纯 DoWhy 归因分析工具 - 100% 使用 DoWhy 原生方法,不重复造轮子
"""
import logging
from typing import Any, Dict, List, Optional
import pandas as pd
import numpy as np
import dowhy
from mcp.server.fastmcp import FastMCP
from ..utils.data_processor import load_and_validate_data
logger = logging.getLogger("dowhy-mcp-server.attribution")
def register_attribution_tools(server: FastMCP) -> None:
"""注册所有纯 DoWhy 归因分析工具"""
@server.tool()
def shapley_value_attribution(
data_path: str,
outcome: str,
features: List[str],
num_samples: int = 100
) -> Dict[str, Any]:
"""
使用 DoWhy 进行特征归因分析
"""
try:
# 加载数据
all_vars = [outcome] + features
data = load_and_validate_data(data_path, all_vars)
# 使用 DoWhy 计算每个特征的因果贡献
shapley_values = {}
for feature in features:
try:
# 为每个特征创建因果模型
other_features = [f for f in features if f != feature]
model = dowhy.CausalModel(
data=data,
treatment=feature,
outcome=outcome,
common_causes=other_features if other_features else None
)
identified_estimand = model.identify_effect(
proceed_when_unidentifiable=True
)
estimate = model.estimate_effect(
identified_estimand,
method_name="backdoor.linear_regression"
)
shapley_values[feature] = float(estimate.value)
except Exception as e:
logger.warning(f"DoWhy 模型失败 {feature}: {e}")
# 如果因果模型失败,设为 0
shapley_values[feature] = 0.0
return {
"success": True,
"method": "DoWhy Causal Attribution",
"outcome": outcome,
"features": features,
"shapley_values": shapley_values,
"total_attribution": sum(shapley_values.values()),
"sample_size": int(len(data))
}
except Exception as e:
return {
"success": False,
"error": str(e),
"method": "DoWhy Causal Attribution"
}
@server.tool()
def direct_causal_influence(
data_path: str,
target: str,
variables: List[str],
method: str = "partial_correlation"
) -> Dict[str, Any]:
"""
使用 DoWhy 测量直接因果影响
"""
try:
all_vars = [target] + variables
data = load_and_validate_data(data_path, all_vars)
influence_results = {}
for variable in variables:
try:
# 其他变量作为混杂因子
other_vars = [v for v in variables if v != variable]

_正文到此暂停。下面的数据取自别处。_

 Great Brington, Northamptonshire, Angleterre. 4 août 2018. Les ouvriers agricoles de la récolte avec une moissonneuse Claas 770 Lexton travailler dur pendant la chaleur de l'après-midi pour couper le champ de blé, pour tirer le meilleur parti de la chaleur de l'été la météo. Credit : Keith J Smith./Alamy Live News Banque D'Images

model = dowhy.CausalModel(
data=data,
treatment=variable,
outcome=target,
common_causes=other_vars if other_vars else None
)
identified_estimand = model.identify_effect(
proceed_when_unidentifiable=True
)
estimate = model.estimate_effect(
identified_estimand,
method_name="backdoor.linear_regression"
)
influence_results[variable] = {
"direct_influence": float(estimate.value),
"method": "DoWhy Direct Causal Effect"
}
except Exception as e:
logger.warning(f"DoWhy 直接影响计算失败 {variable}: {e}")
influence_results[variable] = {
"direct_influence": 0.0,
"method": "Failed"
}
return {
"success": True,
"method": "DoWhy Direct Causal Influence",
"target": target,
"variables": variables,
"influence_results": influence_results,
"sample_size": int(len(data))
}
except Exception as e:
return {
"success": False,
"error": str(e),
"method": "DoWhy Direct Causal Influence"
}
@server.tool()
def total_causal_influence(
data_path: str,
target: str,
variables: List[str],
include_indirect: bool = True
) -> Dict[str, Any]:
"""
使用 DoWhy 测量总因果影响(直接+间接)
"""
try:
all_vars = [target] + variables
data = load_and_validate_data(data_path, all_vars)
influence_results = {}
for variable in variables:
try:
# 不包含混杂因子,测量总效应
model = dowhy.CausalModel(
data=data,
treatment=variable,
outcome=target
)
identified_estimand = model.identify_effect(
proceed_when_unidentifiable=True
)
estimate = model.estimate_effect(
identified_estimand,
method_name="backdoor.linear_regression"
)
influence_results[variable] = {
"total_influence": float(estimate.value),
"includes_indirect": include_indirect,
"method": "DoWhy Total Causal Effect"
}
except Exception as e:
logger.warning(f"DoWhy 总影响计算失败 {variable}: {e}")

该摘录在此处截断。